(Beginning of INPUT DATA)

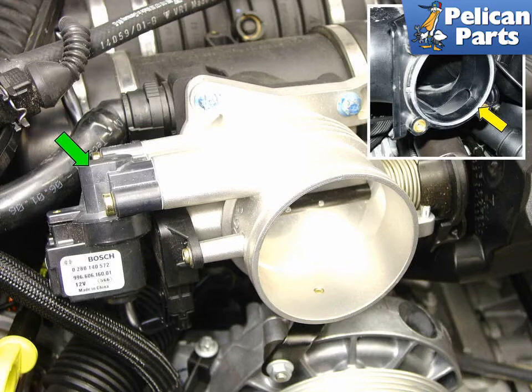Be sure to use a new gasket when remounting the idle control valve to the throttle body. With the throttle body completely clean, remount it to the intake plenum using a new rubber gasket.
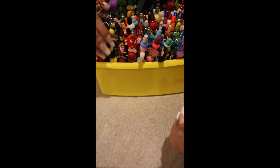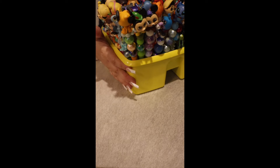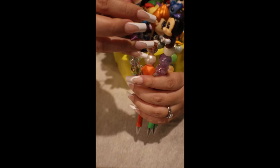Superheroes, we also have toppers, pens with toppers. You need it, we got it.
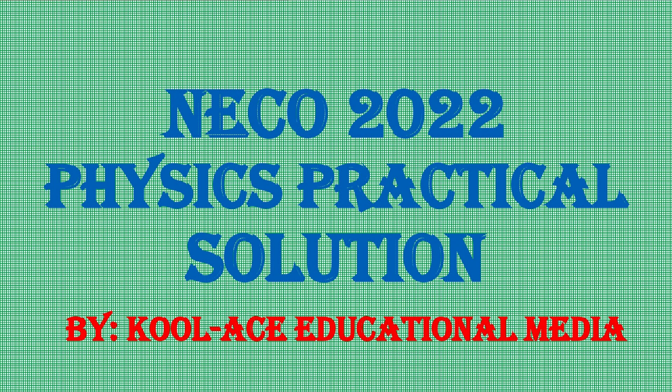Welcome back again to our channel. In this particular experiment, we are going to be answering the NECO physics practical question for 2022, and it promises to be an interesting one.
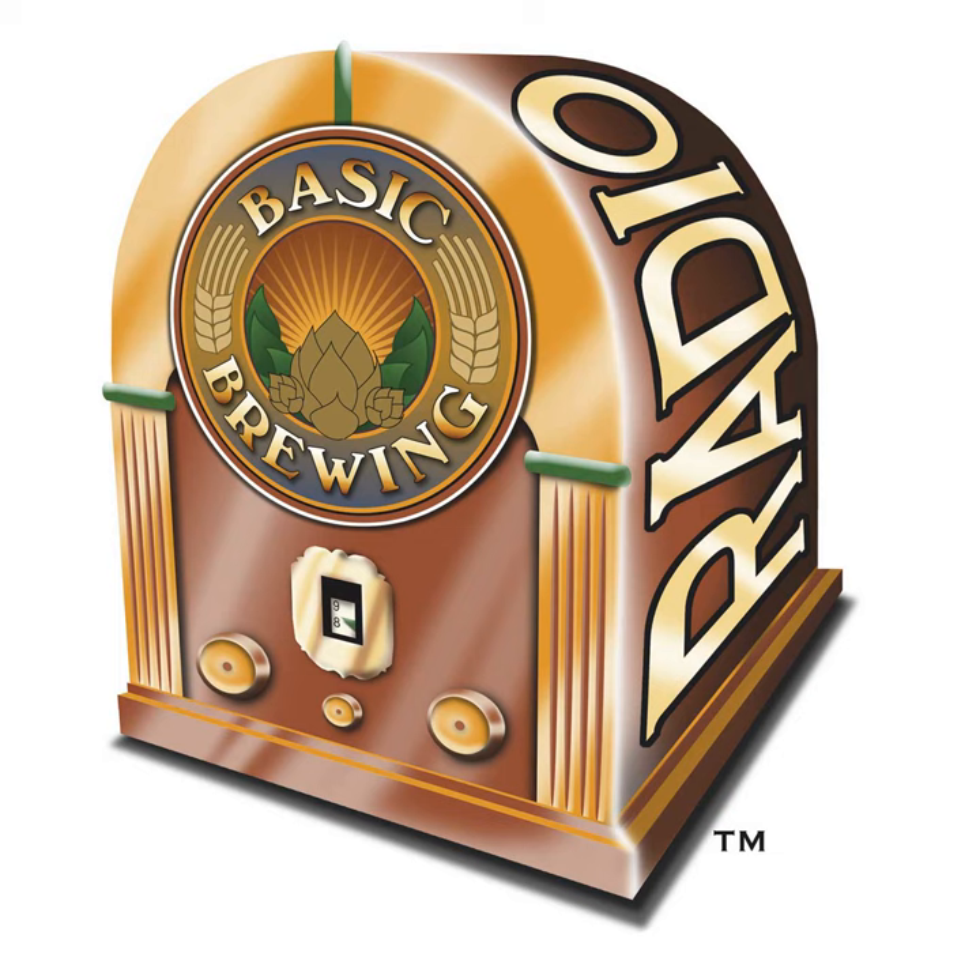If you have a resolution to brew better beer in 2018, here's how to make good on that goal. Pick up the new edition of John Palmer's essential book, How to Brew.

(End of INPUT DATA)

Word for word, print all of the data; skip the pictures.

Be sure to use a new gasket when remounting the idle control valve to the throttle body. With the throttle body completely clean, remount it to the intake plenum using a new rubber gasket.
Superheroes, we also have toppers, pens with toppers. You need it, we got it.
Welcome back again to our channel. In this particular experiment, we are going to be answering the NECO physics practical question for 2022, and it promises to be an interesting one.
If you have a resolution to brew better beer in 2018, here's how to make good on that goal. Pick up the new edition of John Palmer's essential book, How to Brew.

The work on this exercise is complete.